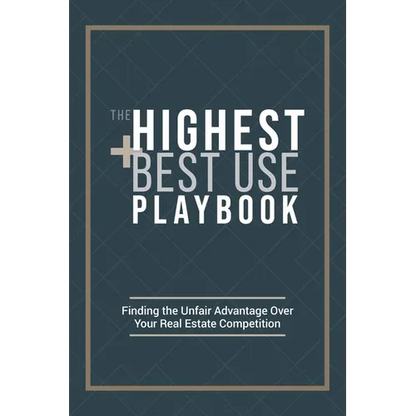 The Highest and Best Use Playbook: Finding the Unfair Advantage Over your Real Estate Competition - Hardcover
========
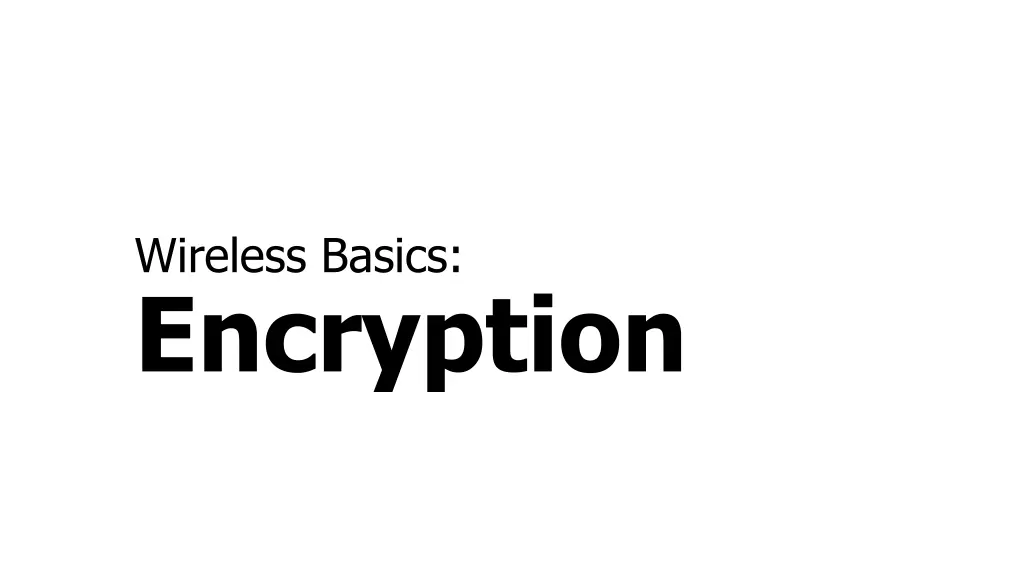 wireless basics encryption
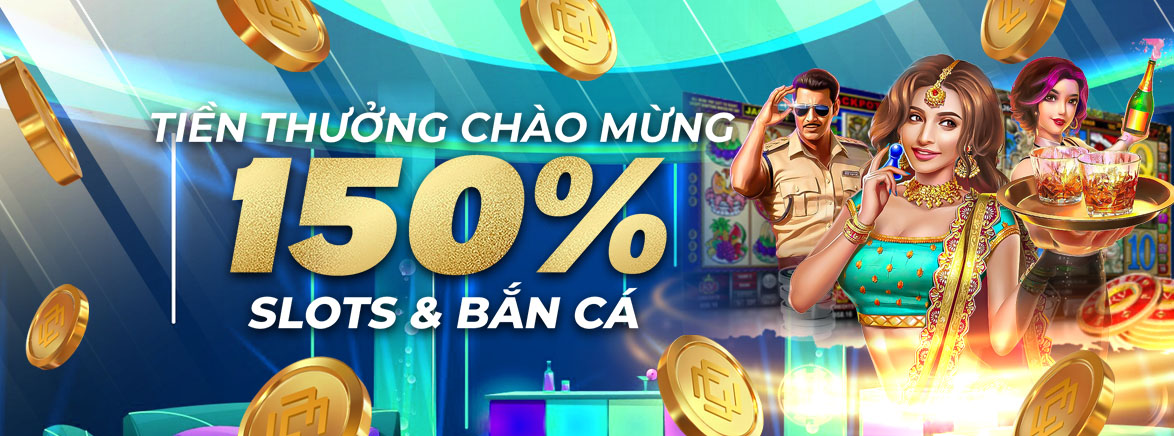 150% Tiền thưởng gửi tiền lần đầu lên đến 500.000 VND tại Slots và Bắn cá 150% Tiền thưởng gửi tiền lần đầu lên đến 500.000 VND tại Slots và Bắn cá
========
Beginning with the line above that contains "wireless basics encryption" and finishing with the line that contains "Bắn cá 150%", print those lines exactly and only. Skip all pictures.

 wireless basics encryption
 150% Tiền thưởng gửi tiền lần đầu lên đến 500.000 VND tại Slots và Bắn cá 150% Tiền thưởng gửi tiền lần đầu lên đến 500.000 VND tại Slots và Bắn cá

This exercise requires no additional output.